Maaf. Saya memulai paragraf ini dengan sebuah permohonan tulus kepada kalian. Mencaci saya sekarang pun takapa. Sama sekali saya tidak keberatan. Baiklah. Selama ini kalian (mungkin) menganggap saya benar-benar tidak peduli dengan segala sesuatu yang berhubungan dengan "kita". Maaf. Saya ralat. Yang berhubungan dengan "kalian". Hanya saja (seolah-olah) saya harus mengikuti semua kegiatan "kalian" itu.
Ya. Kebetulan saja kita "terlahir" di tempat yang sama. Tapi bukan berarti kita harus selalu bersama-sama. Jujur saja, saya sedikit risih ketika kalian berteriak-teriak di depan saya. Menanyakan di mana kepedulian saya terhadap "rumah kita"? Dalam hati, saya tergelak. "Rumah kita"? Rumah adalah tempat pulang yang hangat. Yang memberikan ruang untuk menjadi diri. Maaf. Saya tidak menemukan kehangatan itu di tempat yang kalian sebut "rumah kita" ini.
Kepedulian itu tidak harus kasat mata. Tidak harus muncul di setiap suasana. Setiap orang memiliki prioritas masing-masing. Yang mungkin tidak bisa dimengerti oleh orang lain.
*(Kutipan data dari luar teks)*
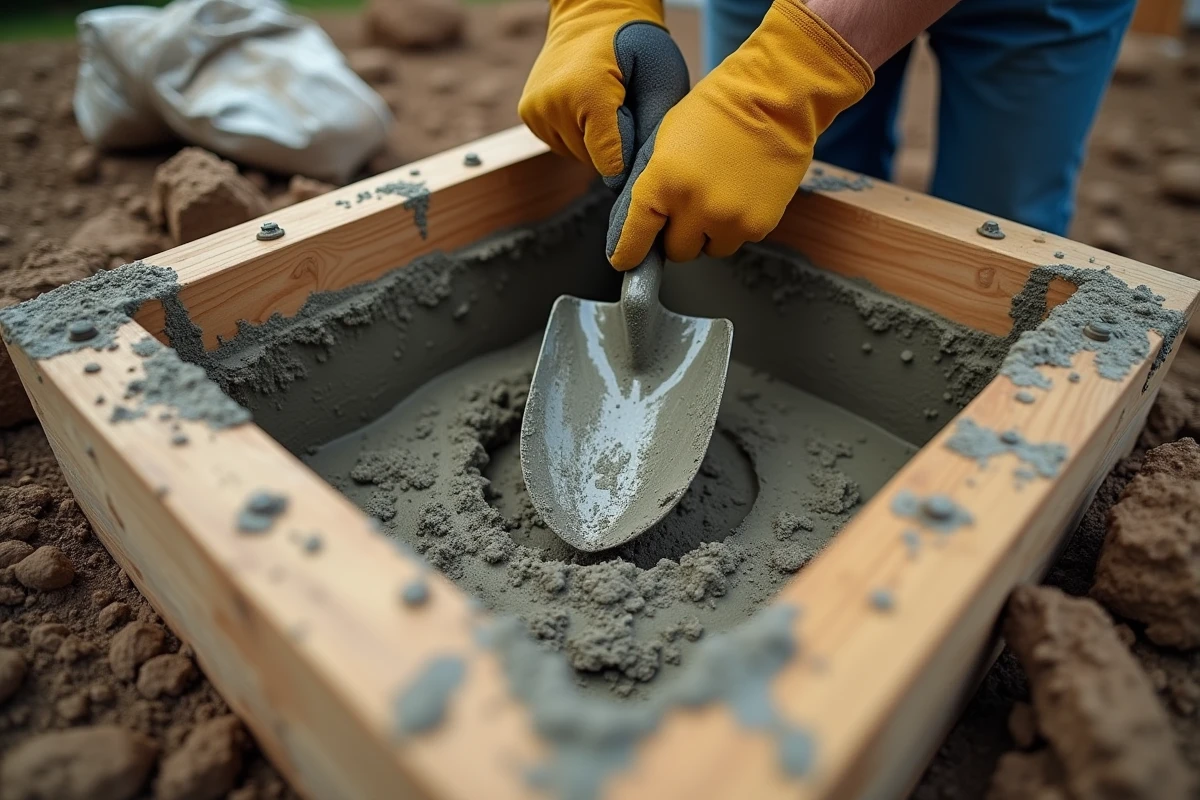 Mains gantées mélangeant du béton frais à la pelle dans un coffrage avec un sac de ciment vide au sol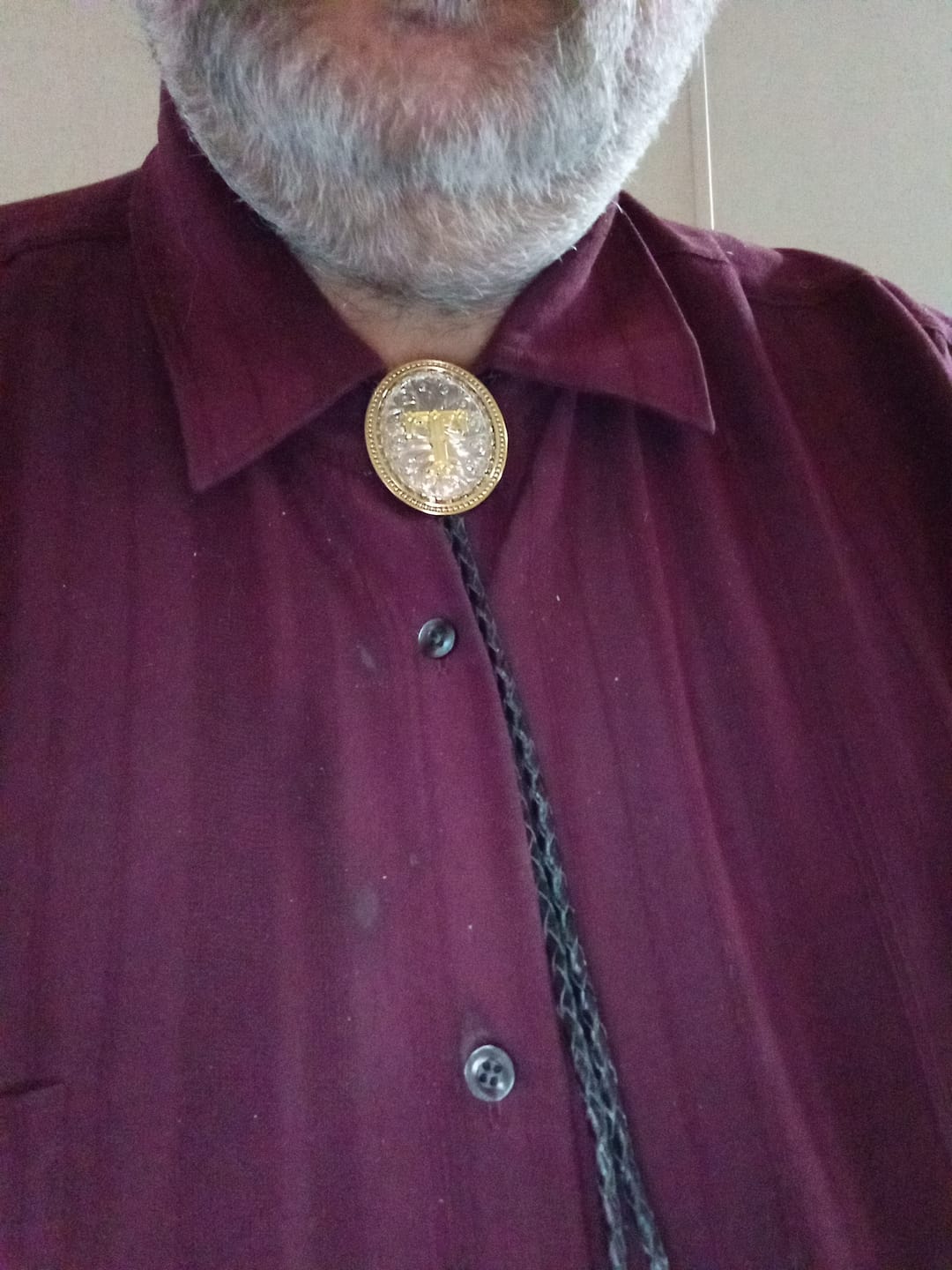 Customer photo review of Western Cowboy Shirt Accessory Alphabet A To Z Bolo Tie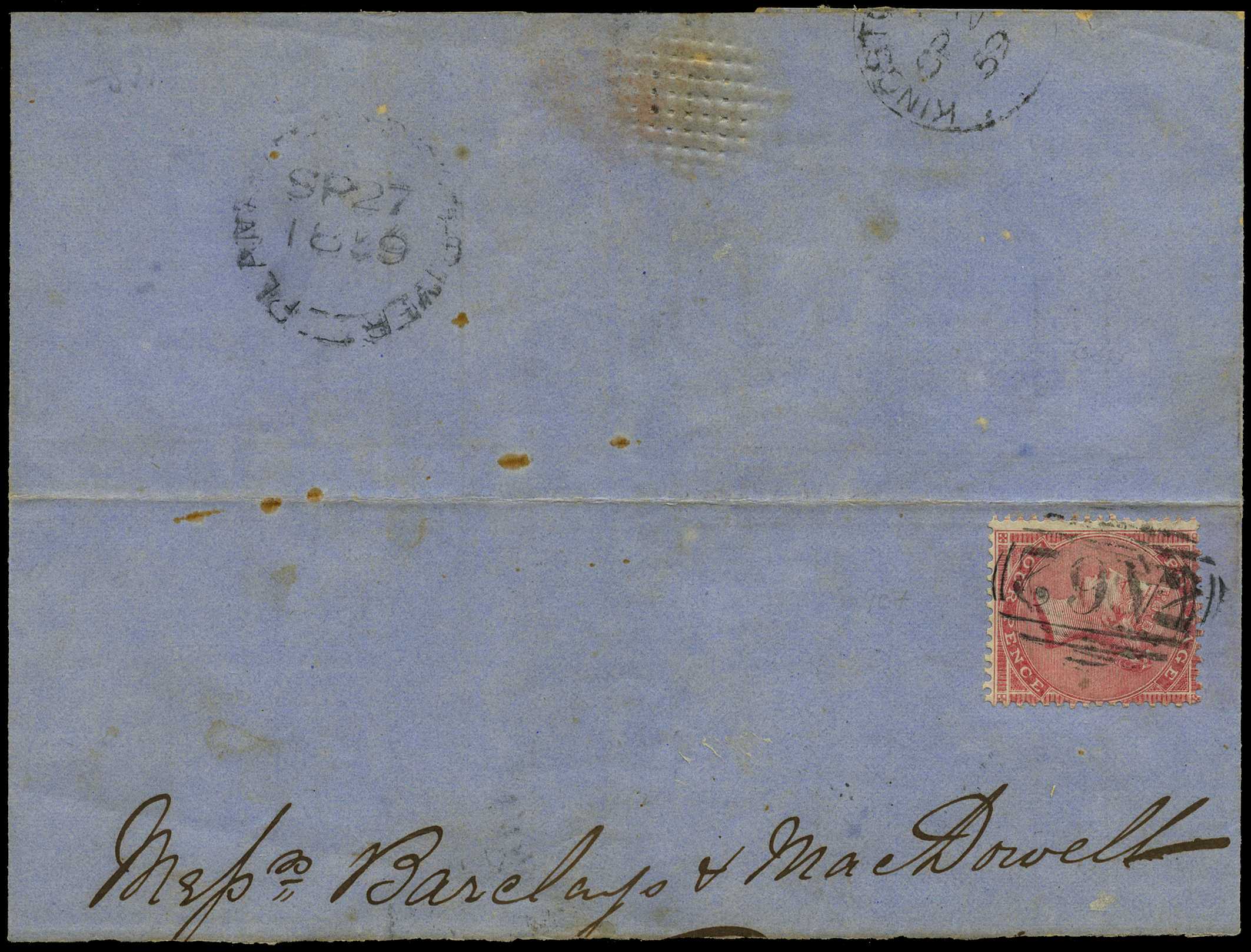 GB USED ABROAD: 1859 Plantain Garden River...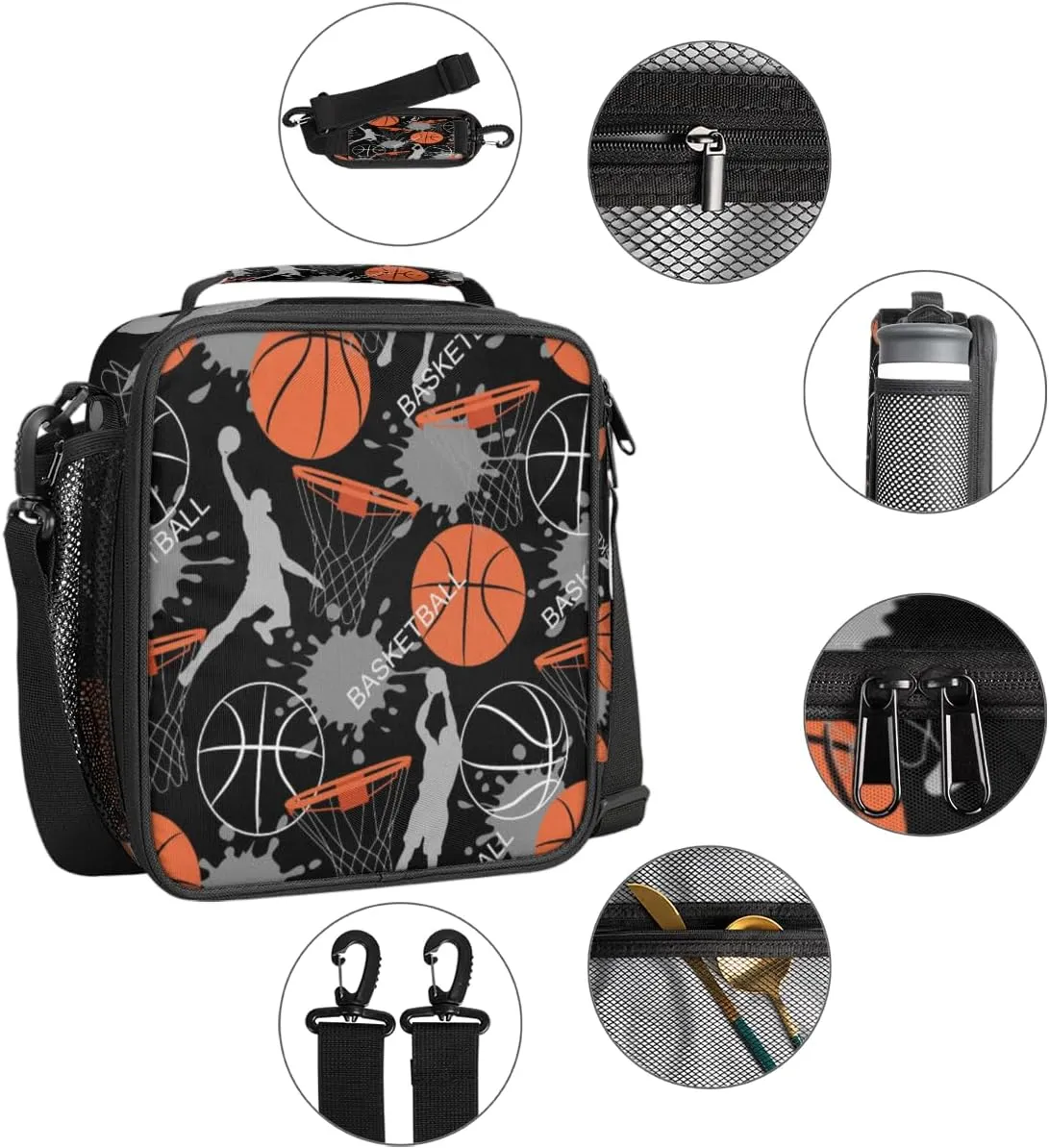 Basketball Lunch Box for Kids Girls Boys, Basketball Sports Player Lunch Bag for Teens Insulated Lunchbox for School, Work, Picnic Cooler Tote Bag with Adjustable Shoulder Strap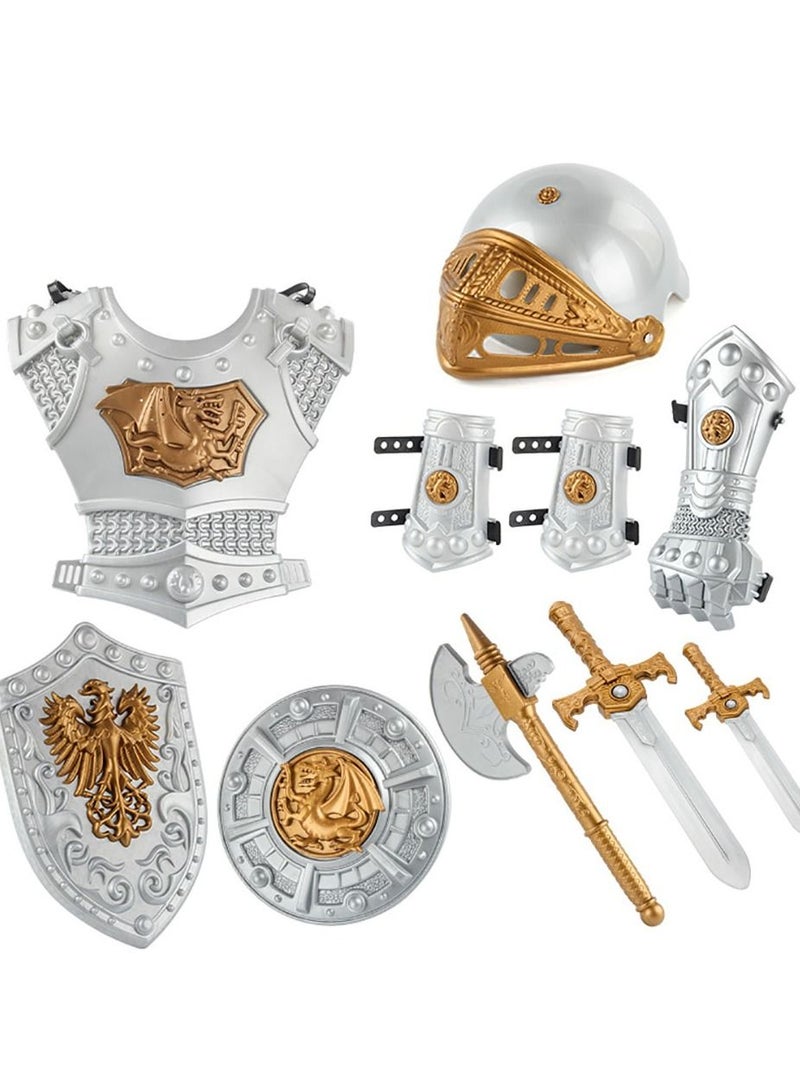 YelaJoy 10-Piece Knight Costume for Kids with Sword, Vest, Helmet, and Shield, Costume for Boys and Girls - Image 2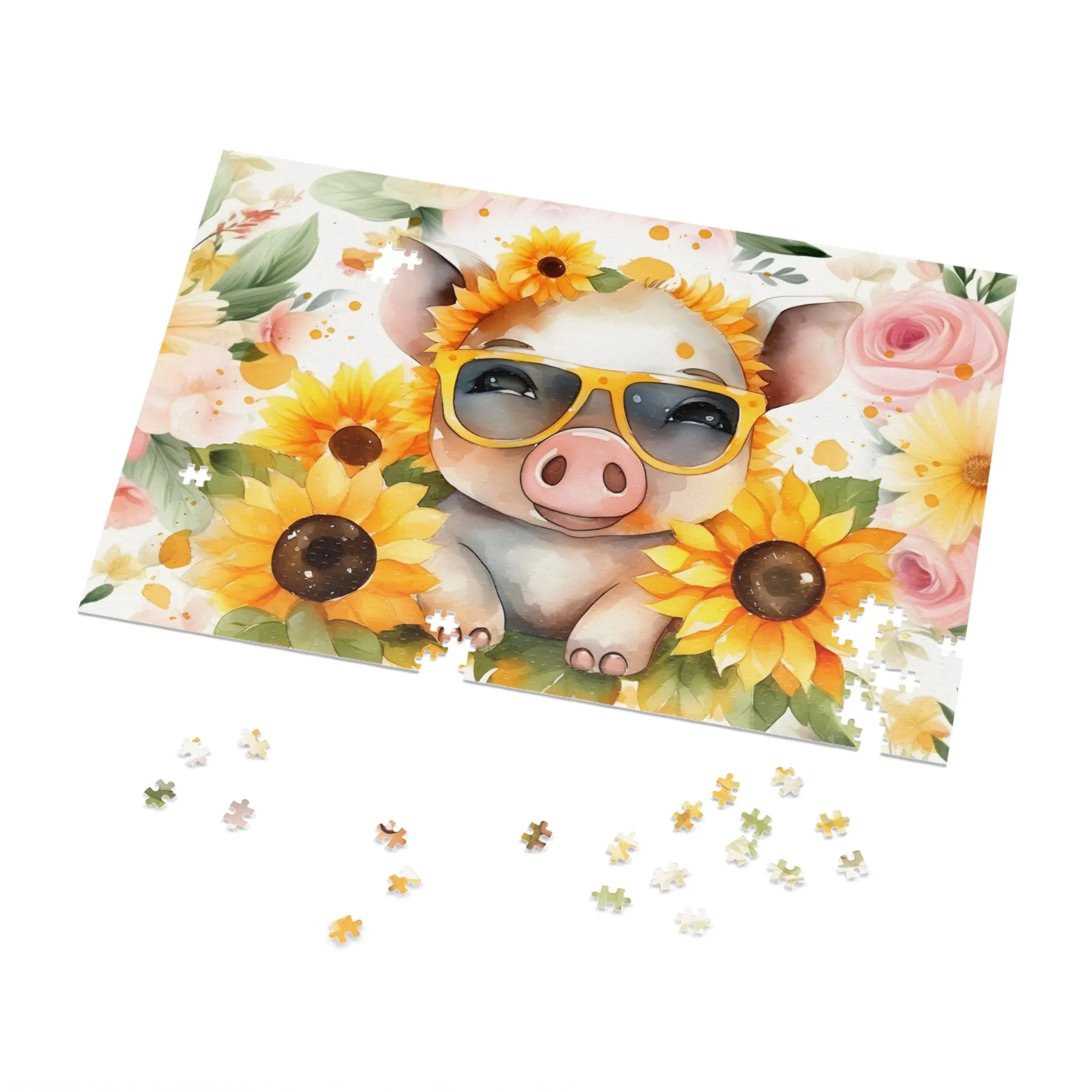 Puzzle, Pig, Sunflowers, Personalised/Non-Personalised (30, 110, 252, 500,1000-Piece) awd-657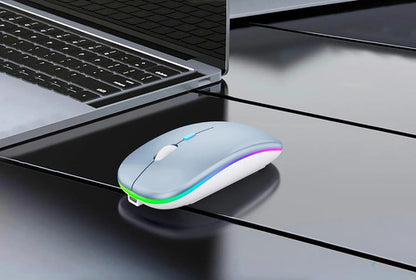 Mouse Inalámbrico Bluetooth Recargable Led Dual Mode Azul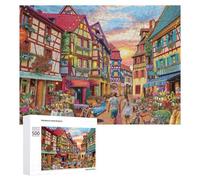 Adults 500 PCS Jigsaw Puzzle Colorful European Village Scene Puzzle Adult Jigsaw Puzzle Brain Teaser Game Enhance Memory Birthday And Unique Gifts 500 PCS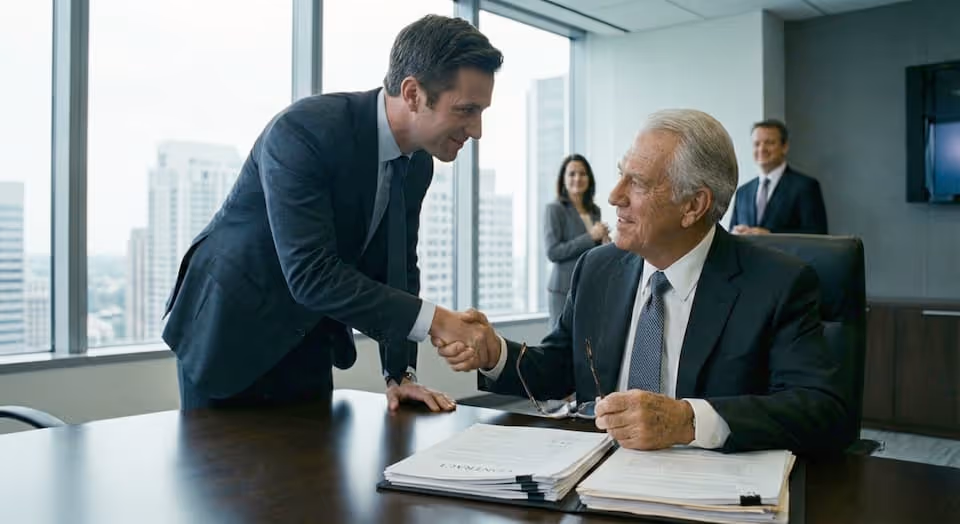 Deux hommes se serrant la main après un débat sur l'enjeu économique. 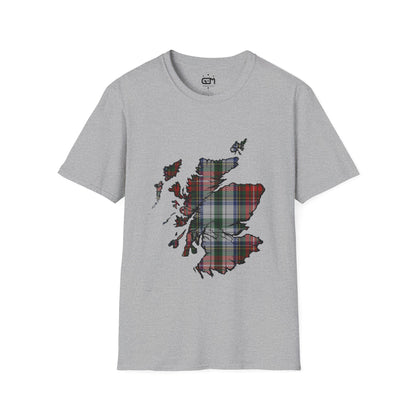 Scotland Tartan Map Softstyle Unisex T-Shirt - Stewart Tartan Tee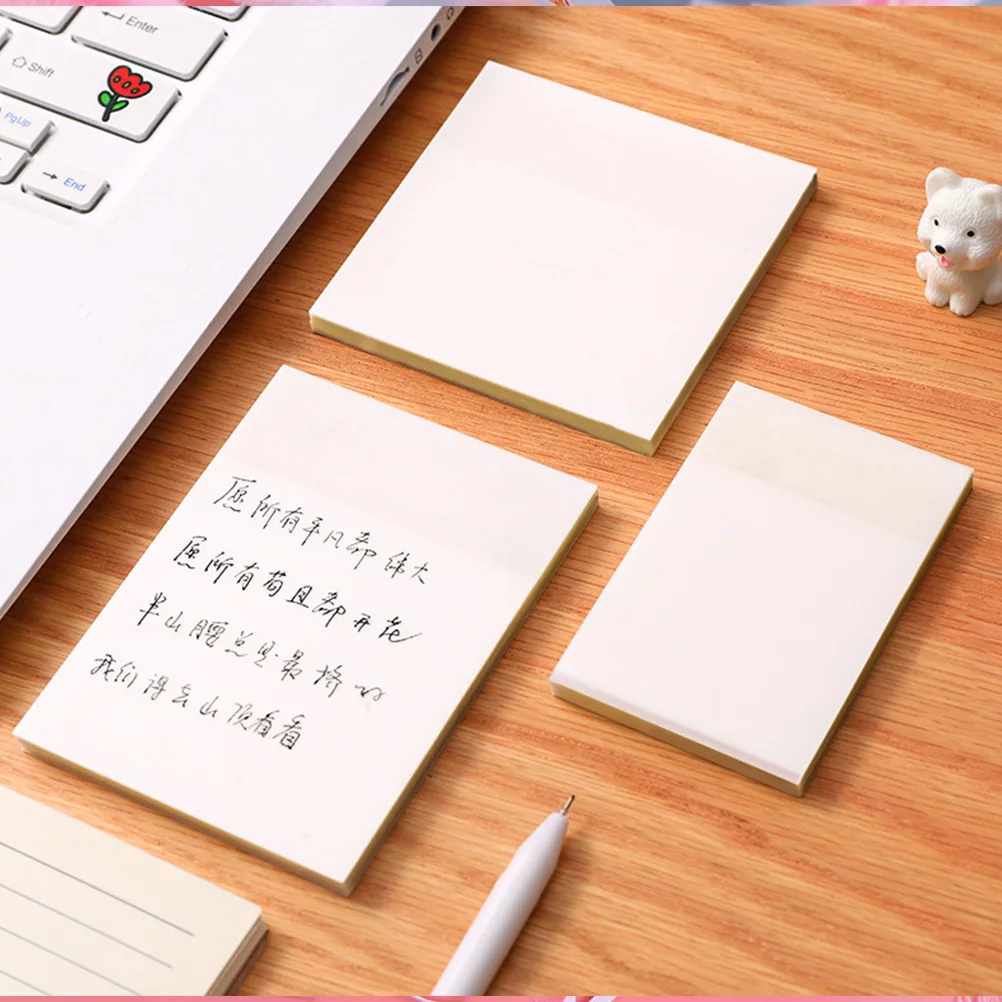 

6pcs Waterproof Note Stickers Memo Pads Self adhesive Sticky Tabs Transparent Notes Reusable Planner Diary Notebook
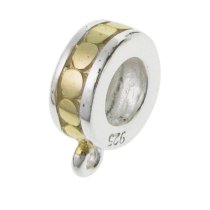 1x 14K Gold plated Sterling silver Pendant Charm Connector Cord Ring CIRCLE DOT for European Charm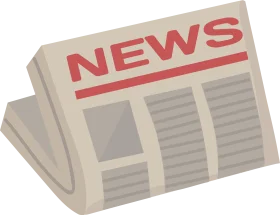 Classic Newspaper Folded News Clipart Illustration with Bold Red Typography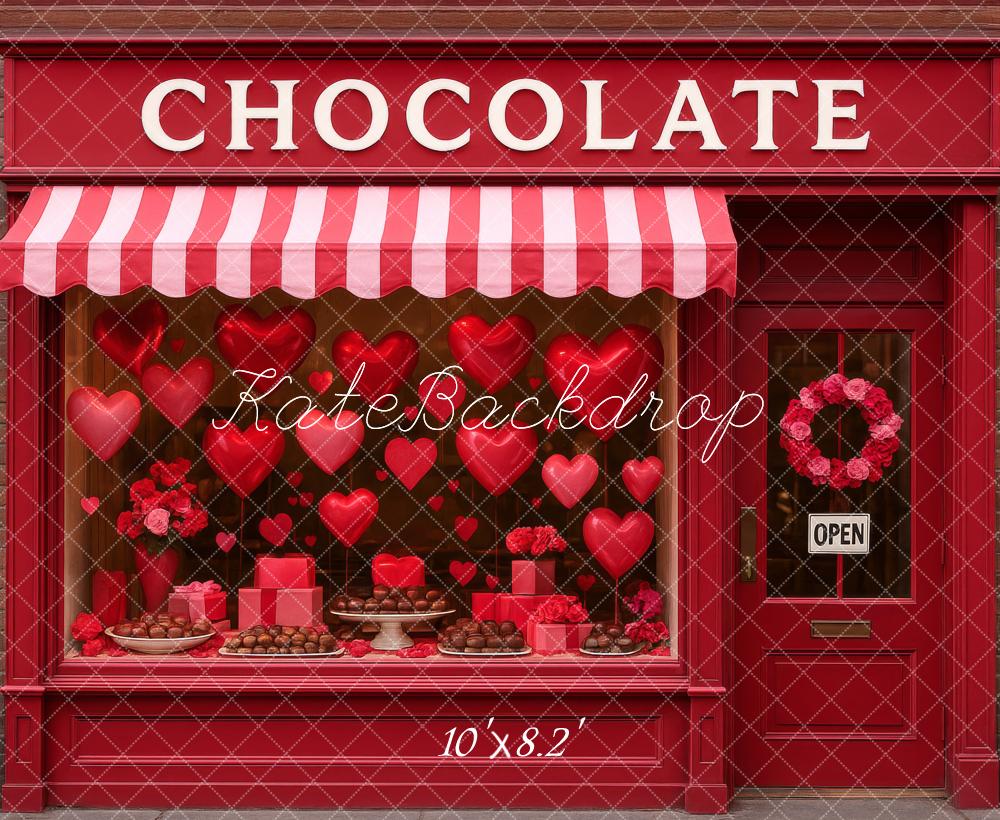 Kate Chocolate Shop Hearts Pink Awning Backdrop Designed by Megan Leigh Photography - Image 6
Kalian punya kerjaan. Saya punya kerjaan. Baiklah. Tidak perlu mengunggulkan kerjaan siapa yang paling berat dan yang paling sibuk. Semua adalah soal pilihan. Saya memilih keluar. Dan kalian memilih masuk. Bukan masalah besar sebenarnya. Lantas, mengapa kalian mempermasalahkan pilihan saya, sedangkan saya tidak pernah mempermasalahkan pilihan kalian?
Ada banyak alasan (jika saya mau beralasan). Tapi saya memilih diam. Membiarkan kalian meneriaki dan memaki saya. Apakah kalian peduli terhadap pilihan saya? Saya rasa tidak. Dan mengapa saya harus peduli pada pilihan kalian? Saya tidak punya komitmen dan tanggung jawab apa pun terhadap kalian!
Maaf. Saya memang tidak terbiasa dengan kerumunan. Tidak terbiasa terpesona dengan huru-hara yang ada. Saya lebih senang menghabiskan waktu saya sendirian. Terkesan egois dan autis, memang. Tapi, apakah seseorang hanya dinilai dari kesannya? Semoga saja tidak.